The volume rattles the bones. The gyrations evoke scenes of lustful abandon. In some of funk’s most explicit forms, tracks sprinkled with the prerecorded sounds of machine-gun fire exalt the drug gangs still in control of some of Rio de Janeiro’s favelas. On certain nights, the bass from the amps resonates from the hillside slums into the bastions of the privileged classes, as if to remind them: Rio doesn’t belong just to you.

Funk’s varied repertory provides an apt soundtrack for the changes sweeping across the city after the recent boom that lifted incomes and ushered in the era of megaevents like this month’s World Cup and the 2016 Summer Olympics, while also accentuating longstanding inequality. Samba, forbidden by the authorities about a century ago in much the same way that varieties of funk are prohibited today, has developed into such an establishment fixture that big corporations now underwrite carnival compositions. Bossa nova, the breezy fusion of samba and jazz, seems just too genteel for these times.

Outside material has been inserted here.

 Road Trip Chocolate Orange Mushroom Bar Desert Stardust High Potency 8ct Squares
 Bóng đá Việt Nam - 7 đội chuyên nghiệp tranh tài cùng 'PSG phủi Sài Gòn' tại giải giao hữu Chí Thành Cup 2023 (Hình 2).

But funk — often aggressive, sensual, vulgar, narcissistic, anti-establishment and eminently adaptable to Brazil’s shifting political mood — is thriving.

Not to be confused with the kind of American funk popularized by James Brown in the 1960s, Brazilian funk is thought to have crystallized in the 1980s, when favela musicians in Rio drew inspiration from the hip-hop sounds and explicit lyrics of Miami bass. The result was a genre rooted in the lawlessness of the slums. Funk singers were criticized from the start for their hypersexualized, violence-soaked lyrics, but they long defied attempts to tame the genre.

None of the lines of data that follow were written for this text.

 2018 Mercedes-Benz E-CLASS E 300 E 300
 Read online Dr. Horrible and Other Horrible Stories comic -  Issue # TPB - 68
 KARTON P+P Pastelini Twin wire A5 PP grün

Still, funk surrendered some of its edge when the authorities started asserting greater control over favelas about half a decade ago. In a project called pacification, security forces rolled in with tanks to establish police outposts. They cracked down on the “baile funk,” parties that came to be viewed as subversive. The outcome: Practitioners of proibidão, the prohibited funk style that champions drug gangs, were forced to move to unpacified favelas or change their style to “light,” with the watered-down lyrics the term implies.

Yet in Rio, funk’s cradle, some of the marginalized proibidão singers persist. Some work in favelas is still controlled by gangs, reflecting Rio’s fractious urban peace process. Fewer than 300 of the city’s estimated 1,000 or so favelas are pacified; even in slums now featuring a large police presence, there has been a startling spike in shootings of police officers this year. Around the city, muggings have surged. The homicide rate is also climbing once again in Rio, setting the city on edge just as visitors start arriving for the World Cup.

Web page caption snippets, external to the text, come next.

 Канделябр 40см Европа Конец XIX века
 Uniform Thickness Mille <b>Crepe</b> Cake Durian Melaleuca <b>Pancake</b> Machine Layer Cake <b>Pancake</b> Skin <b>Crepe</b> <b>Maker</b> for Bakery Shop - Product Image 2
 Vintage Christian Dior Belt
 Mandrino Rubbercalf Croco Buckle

Amid this tension, new funk stars are emerging, exemplified to a large extent by women like Valesca Popozuda and Anitta. One rising voice in Rio’s clubs is MC Lexa, 19, whose real name is Léa Araújo. She doesn’t come from a favela, pacified or otherwise, but from Jacarepaguá, a sprawling suburban area interspersed with slums. On the cusp of stardom, MC Lexa delayed her civil-engineering studies and has begun performing in cities like Brasília and São Paulo. “Few people have a real chance for a career in funk,” she says. “I need to make this moment count.”